_DIRECTIONS FOR THIS TASK_. Copy out the data exactly as it appears, without a single image.

(Excerpts from a dataset)
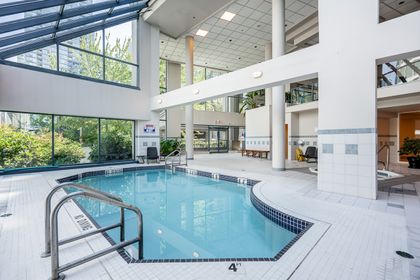 unit-2001-1415-west-georgia-street-vancouver-42 at 2001 - 1415 Georgia, Coal Harbour, Vancouver West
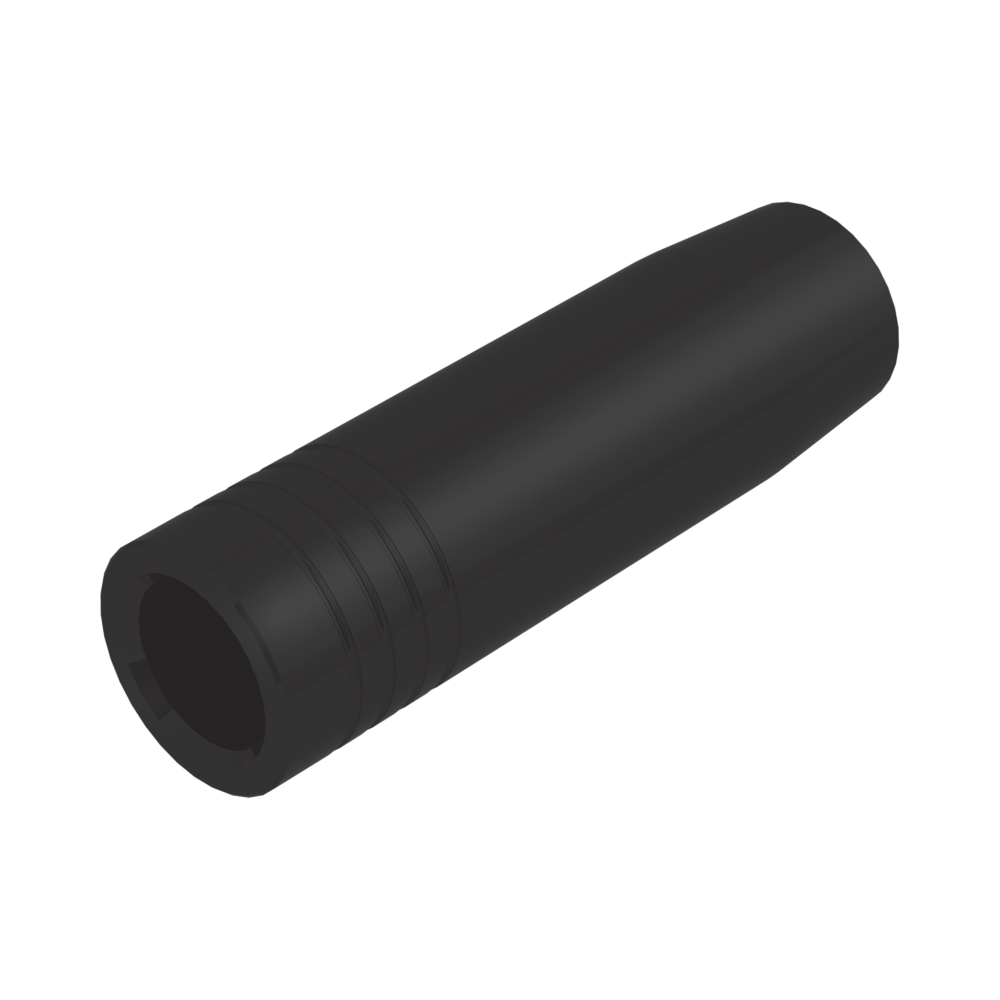 Gold Tip Ballistic Collar .204 BL Quantum 400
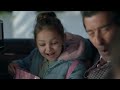 مسلسل القضاء الجزء 3 الحلقه 77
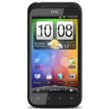 HTC Incredible 2 Products
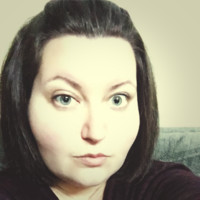 Danielle Tremblay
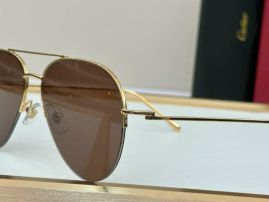Picture of Cartier Sunglasses _SKUfw55489675fw
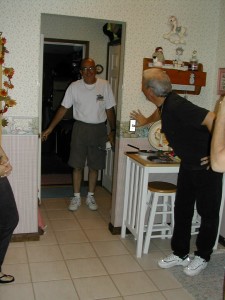 IMG_2439 (1)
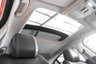 USED 2017 17 JAGUAR XE 2.0 R-SPORT INGENIUM 4d 247 BHP HOME DELIVERY AVAILABLE
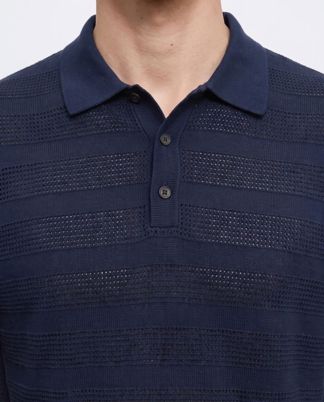 Купить Джемпер CORNELIANI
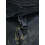 Speero SPEERO Pro Wader Bag Black Cam 2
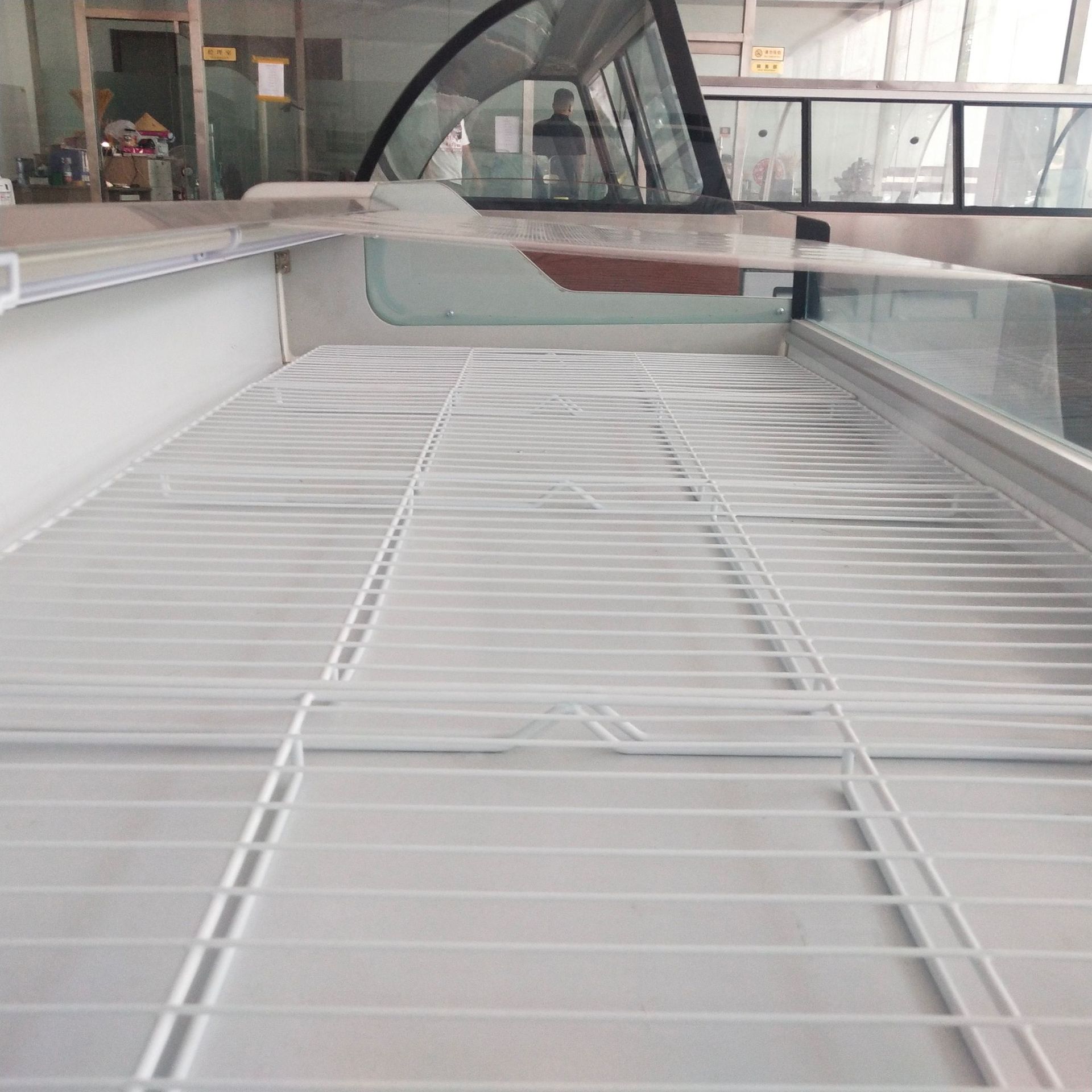 dfea471119976197d79b07f119be71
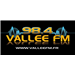 Vallee FM Electronic and Dance
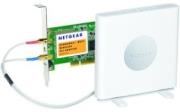 netgear wn311b rangemax next wireless n pci adapter photo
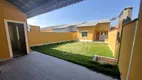 Foto 37 de Casa com 3 Quartos à venda, 100m² em Itaipuaçú, Maricá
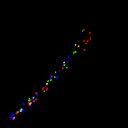 c0wb1i1e3-jpg_c1wb1i1e3-jpg_rgb_thumb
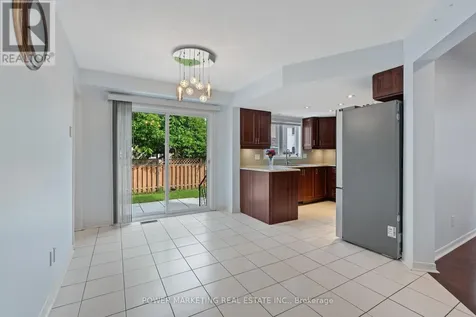 1552 Blohm Drive Ottawa ON K1G 4P9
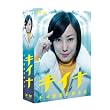 �L�C�i~�s�\�ƍߑ{����~DVD-BOX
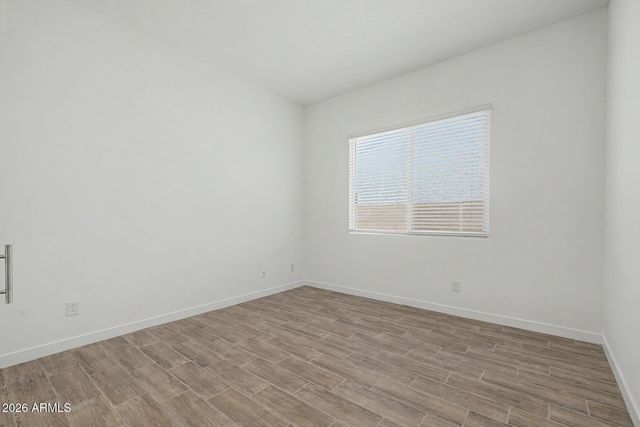 15024 W DESERT HOLLOW Drive, Surprise, AZ 85387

_RESULT OF THE EXERCISE_.
 unit-2001-1415-west-georgia-street-vancouver-42 at 2001 - 1415 Georgia, Coal Harbour, Vancouver West
 Gold Tip Ballistic Collar .204 BL Quantum 400
 مسلسل القضاء الجزء 3 الحلقه 77
 HTC Incredible 2 Products
 Danielle Tremblay
Picture of Cartier Sunglasses _SKUfw55489675fw
 IMG_2439 (1)
 USED 2017 17 JAGUAR XE 2.0 R-SPORT INGENIUM 4d 247 BHP HOME DELIVERY AVAILABLE
 Купить Джемпер CORNELIANI
 Speero SPEERO Pro Wader Bag Black Cam 2
 dfea471119976197d79b07f119be71
 Vallee FM Electronic and Dance
 netgear wn311b rangemax next wireless n pci adapter photo
 Foto 37 de Casa com 3 Quartos à venda, 100m² em Itaipuaçú, Maricá
 c0wb1i1e3-jpg_c1wb1i1e3-jpg_rgb_thumb
 1552 Blohm Drive Ottawa ON K1G 4P9
 �L�C�i~�s�\�ƍߑ{����~DVD-BOX
 15024 W DESERT HOLLOW Drive, Surprise, AZ 85387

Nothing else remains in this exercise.